Materials and Applications
A CO2 laser at the 650 power level is extremely versatile in the various types of material that it can process. The laser is powerful enough to cut through ¼” steel while it is delicate enough to kiss-cut stickers. The pulse energy, pulse width placement, and stability are well-controlled enough to provide the same high-quality 3D wood engravings our customers have commonly come to know from our samples kit in our lower-powered lasers while significantly increasing the processing speeds.
(Left-side is of stacked metal samples cut by Kern’s 650W Laser, right-side is an example of 3D laser engraving capabilities)
One of the best benefits of using a CO2 laser is that it can process a wide range of materials. You can be processing thick steel in the morning, cutting foam in the afternoon, and finish your day off engraving on wood all with the same laser. Some of the most common materials we see processed with our lasers include acrylic, aluminum, brass, cardboard, copper, foam, glass, leather, PCB material, rubber, steel, plastic, stone, and wood. The material list continues to grow as our customers find new applications for our lasers. If the laser can pierce the material with relative ease then there is a very good chance it can process your material. Applications include cutting, drilling, engraving, kiss-cutting, marking, perforating, and much more.
We plan to add to our material and application lineup by offering wavelengths besides the predominant 10.6 um. Later this year we will be adding a 9.3 um option and possibly 10.2 um soon after that. These other wavelengths provide higher absorption in specific materials which allows for faster processing speeds.
Today’s focus of many companies is how to make their processes more efficient and maximize throughput. Customers will be able to do exactly that by adding the new 650-watt laser to their production floor.
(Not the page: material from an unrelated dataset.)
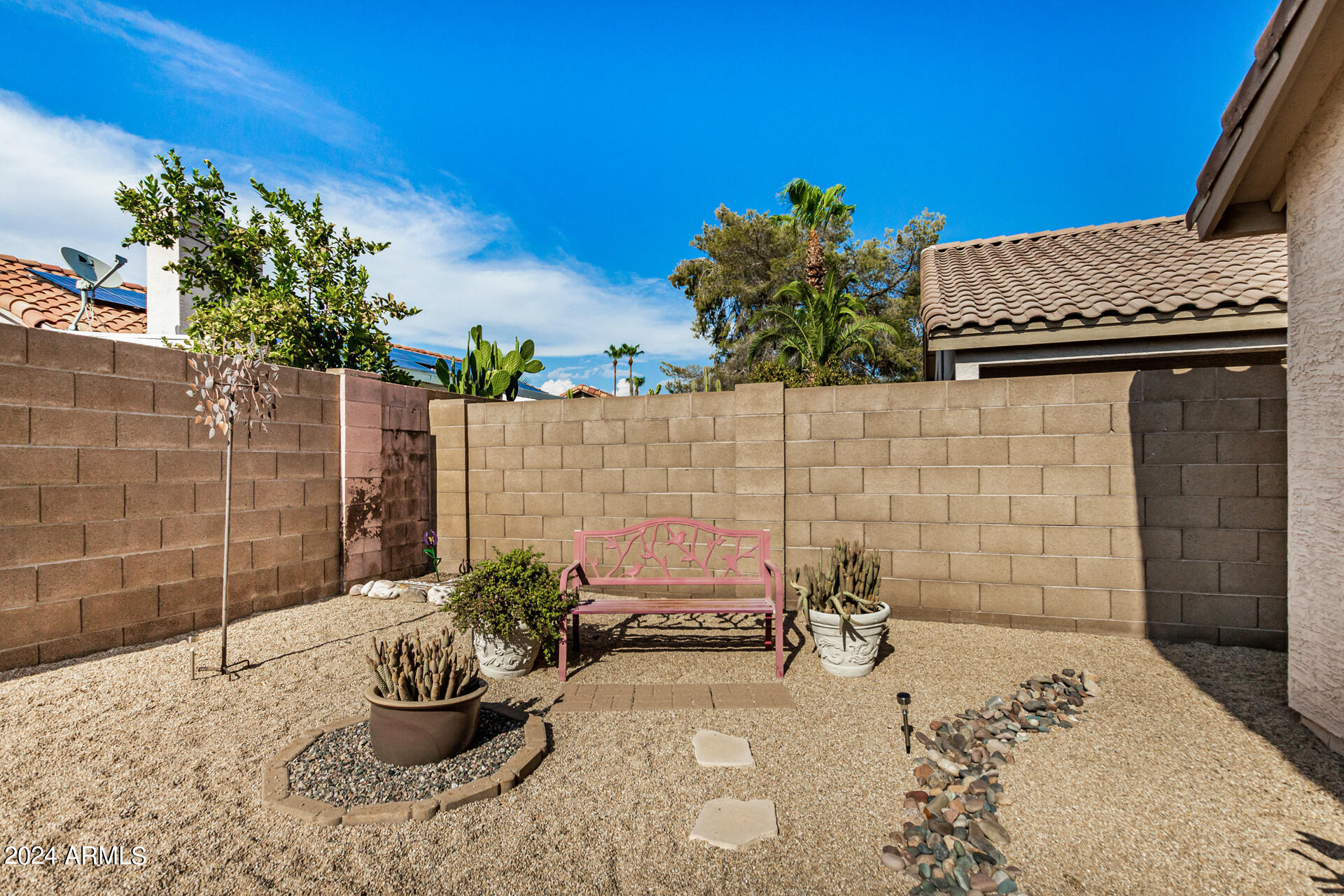 9124 West Calavar Road Peoria, AZ 85381 - Photo 24 of 25 a view of a porch with potted plants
With an additional 250+ watts of power from our 400-watt laser, the KT650 improves processing speeds by approximately 60% in most materials. This increase in power plus improved rise and fall times will also allow thicker materials to be cut and the possibility of new materials to be processed.
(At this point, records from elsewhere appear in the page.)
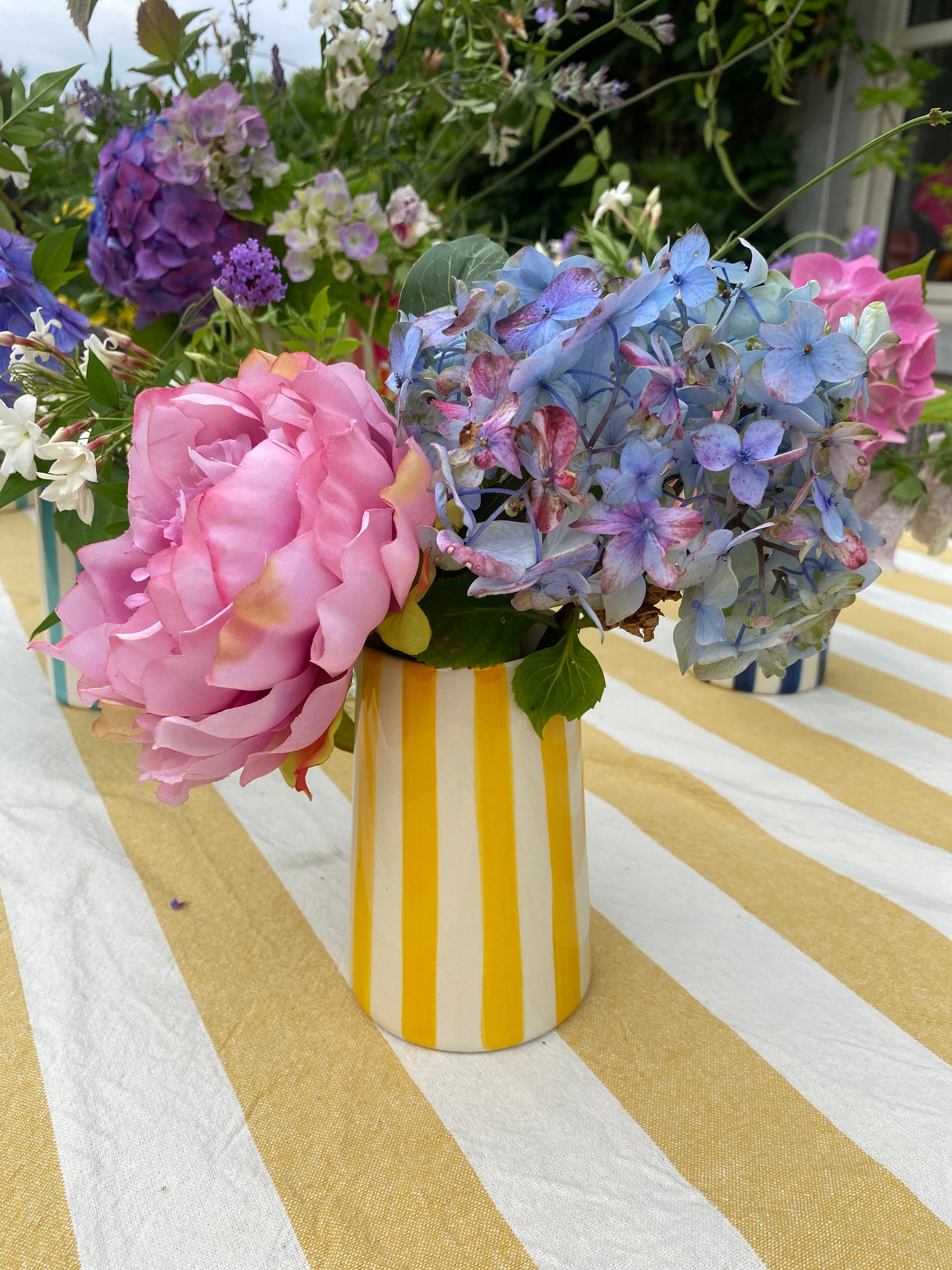 Yellow and white striped handmade ceramic jug on outdoor table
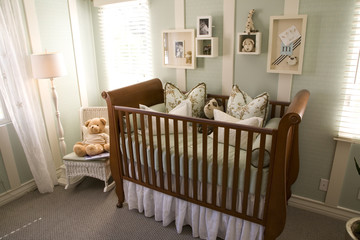 Baby bedroom with a crib, toys and decor.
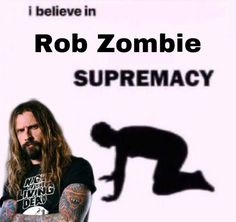 a man with long hair and tattoos standing in front of a white sign that says rob zombie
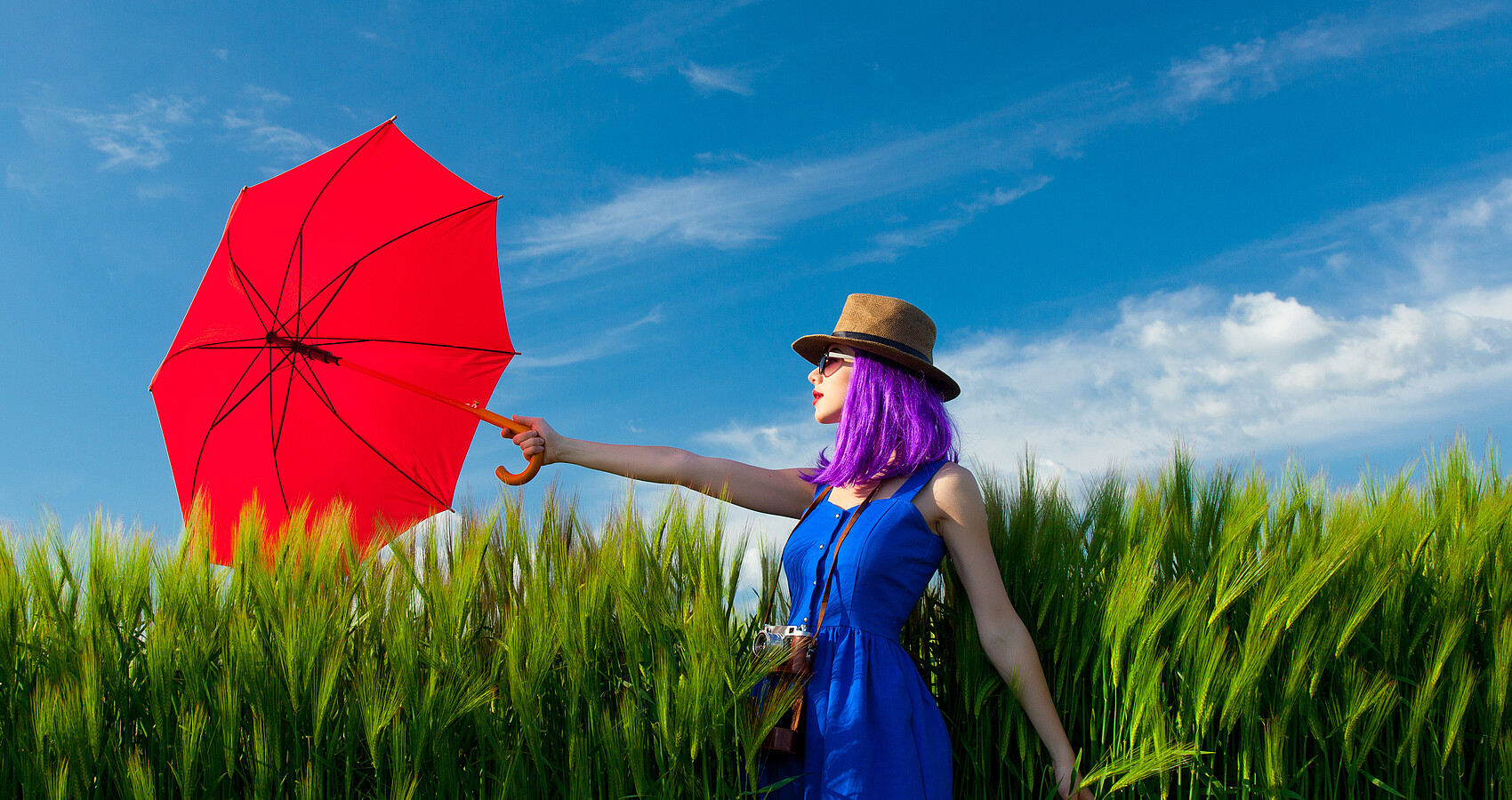 Frau im Getreidefeld mit rotem Schirm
The addition of the 650-watt laser brings our product portfolio range from 100 watts to 650 watts between three different model series sizes. This product release comes with much anticipation from our own employees as well as many of our customers. We will continue our goal to advance CO2 laser technology by manufacturing the highest quality, most dependable, and innovative CO2 lasers on the market while proudly designing and manufacturing lasers in the USA.
 Pending patent applications US2021083447A1, EP3793044A1 and CA3089689A1.